The rest of the nation was more skeptical than Bay Staters. Yet the country was ambivalent. A Louis Harris poll commissioned by TIME revealed much sympathy for Kennedy. At the same time, the national survey found widespread doubts about Kennedy's explanation (see box, page 17).

Perhaps the most critical judgments of Kennedy's behavior in the death of Mary Jo Kopechne came from the nation's editorial writers and columnists. Many editorialists agreed with the Tulsa World, which wrote: "We can honestly feel for the Senator in his time of terrible anguish, but our Presidents must be elected for their reliable strengths, not out of sympathy for their misfortunes." The essence, said the New York Post's Max Lerner, was that "at a crisis moment in his life, when another human life was at stake, Senator Kennedy was either thrown into confusion or stunned into insensitivity and inaction."
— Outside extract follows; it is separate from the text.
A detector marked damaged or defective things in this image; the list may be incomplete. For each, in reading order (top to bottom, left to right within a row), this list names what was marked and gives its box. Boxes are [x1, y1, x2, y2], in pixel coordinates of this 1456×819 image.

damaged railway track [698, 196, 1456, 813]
James Reston of the New York Times concluded that the real question "is not whether the voters of Massachusetts can live with the Senator's account of the tragedy, but whether he can." To Columnists Frank Mankiewicz and Tom Braden, the case was tragic "in the Shakespearean sense of a puzzlement of the will, of judgment suspended and flawed at a crucial moment."
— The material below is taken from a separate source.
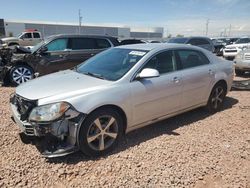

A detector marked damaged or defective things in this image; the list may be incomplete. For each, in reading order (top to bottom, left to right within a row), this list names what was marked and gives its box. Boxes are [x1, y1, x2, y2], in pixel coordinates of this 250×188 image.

crumpled hood [15, 69, 112, 101]
damaged front end [9, 93, 85, 157]
broken headlight [29, 102, 70, 122]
Although Kennedy had hinted long before the death of Mary Jo that he might not run in 1972, no one took his privately expressed doubts very seriously. Aside from his name, vigor, personal attractiveness and political aggressiveness, Kennedy also seemed the leader best equipped to unite his party's major factions. He is probably the only Democrat of national stature who has both a strong following among blacks and young people and firm ties with many Old-Politics professionals. He has become an increasingly articulate spokesman on major issues, most recently the ABM.
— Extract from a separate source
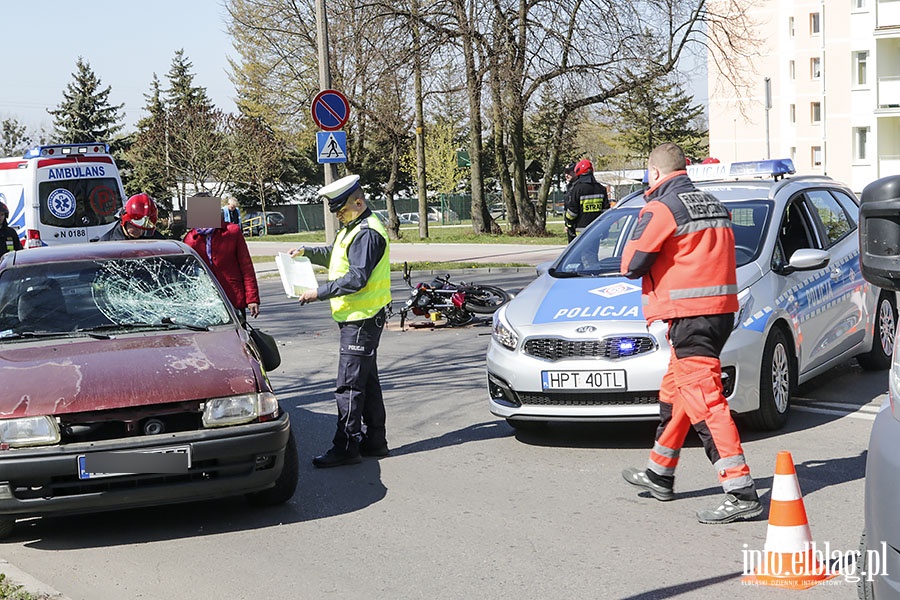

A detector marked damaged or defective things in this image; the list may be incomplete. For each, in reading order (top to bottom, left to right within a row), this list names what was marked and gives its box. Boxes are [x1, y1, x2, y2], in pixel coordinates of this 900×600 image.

cracked windshield [0, 253, 230, 338]
damaged red car [0, 240, 298, 540]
The first party problem posed by his eclipse is what one Republican leader calls a "glamour vacuum." Another, potentially more serious threat is that Kennedy's removal from presidential politics --at least for now--could encourage the party's far left to consider founding an independent movement. This could take the form of either a McCarthy-like revolt within the party or an effort to form a new party. At the same time, the prospects of other possible candidates are in flux: sbHUBERT HUMPHREY. Now that Eugene McCarthy has renounced ambition for another Senate term, Humphrey will almost surely seek his seat in Minnesota next year and enjoy a new national platform. By tradition, Humphrey should be the titular head of the party.

But he is not, and at 58, with the close but bitterly divisive 1968 campaign behind him, Humphrey probably could not run for the presidency again without reducing the party to a shambles, splitting off the younger, activist wings that barely tolerated him last year. sbEDMUND MUSKIE. In the first six months of this year, Muskie crisscrossed the nation on lecture tours that built his popularity among both regular and irregular Democrats. Last week he said he will resume his travels in the fall. In some ways, he is the most promising Democratic prospect--and doubtless the one who benefits most from Kennedy's troubles. He has few enemies, has done nothing to antagonize any important segment of the party. His understated style invites confidence. On the other hand,

Muskie has so far failed to establish himself as a forceful or inspiring leader on any major issues.

sb GEORGE McGOVERN. The South Dakota Senator seems considerably less than galvanic, but in his brief bid for the nomination last summer as a stand-in for Robert Kennedy, it was clear that he was gifted with more outspoken political courage than either Muskie or Ted Kennedy. (He was one of the first Senators, for one thing, to oppose the Viet Nam war--in 1963.) He might yet find an impressive constituency among the young, this time as the substitute for another Kennedy. His appeal to the middle and right of the party, however, would almost certainly be small.

Each of the Democrats now being discussed has serious drawbacks as a potential candidate. This, together with the fact that the party is far from united, increases the chance that the Democrats' next nominee will be someone completely unthought of now. Should a dark horse get the nomination, he may owe it to an incomprehensible night on Chappaquiddick Island in the summer of 1969.